What Is the Government's Role in Marriage - Gay or Straight?
By Andy Heath
Let me start with a brief language lesson. In the English language, as well as several others, there is a concept known as the homonym. A homonym is a word that has more than one distinct meaning. For example, the word "register" can mean to sign up for school, but it can also be a machine to check you out at the grocery store.
I suppose my English professors will never forgive me for saying that the word "marriage" is also a homonym, but I suppose I will just have to live with that.
Marriage is a union between two or more people that the church celebrates. It usually involves two people who are very much in love with each other and ready to devote a lifetime partnership together. These two people will share their joy and their pain, and their lives will be richer and more fulfilling because they have each other. They do not necessarily complete each other, but they do enhance each other.
Marriage is also a piece of paper that says one man and one woman receive certain benefits from the government, such as tax benefits, property benefits, and many other rights such as hospital visitation that can be denied to someone who is not your marriage partner. This type of marriage does not require love, it does not require happiness, and it does not require the desire to form a life partnership together.
So you see there are two completely different definitions of marriage, but Christians often confuse the two.

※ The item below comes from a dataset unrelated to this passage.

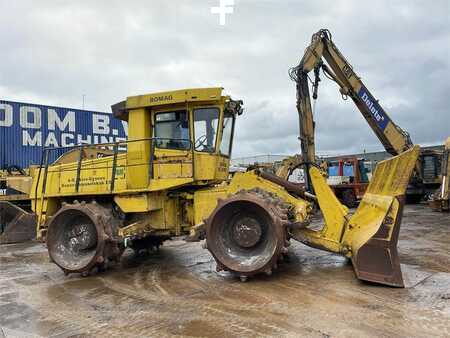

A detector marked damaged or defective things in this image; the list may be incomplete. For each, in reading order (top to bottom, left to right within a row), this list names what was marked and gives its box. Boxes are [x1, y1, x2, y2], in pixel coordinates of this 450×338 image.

I wonder what would happen if the second definition of marriage above actually had a name other than marriage. I wonder if Christians would be so adamant in lobbying our government to deny us this human right.
Certainly government has a role in giving rights to partners who want such rights, but it does not have a role in denying those rights to same sex couples.

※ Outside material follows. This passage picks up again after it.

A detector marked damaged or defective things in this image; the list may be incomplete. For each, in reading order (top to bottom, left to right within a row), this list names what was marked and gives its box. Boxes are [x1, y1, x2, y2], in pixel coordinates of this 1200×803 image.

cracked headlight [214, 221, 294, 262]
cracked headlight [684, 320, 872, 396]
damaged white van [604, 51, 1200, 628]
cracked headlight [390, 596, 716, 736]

As for the first definition of marriage above, we as gay men and lesbian women have every right to find a church that will celebrate our union even if the government does not recognize it. We can still get married, have a ceremony, have a party, and invite our friends and our family (not that they will all come). This is something that we can do now because in the eyes of God, we are married, even if the government says we're not. And personally, I think God trumps the government.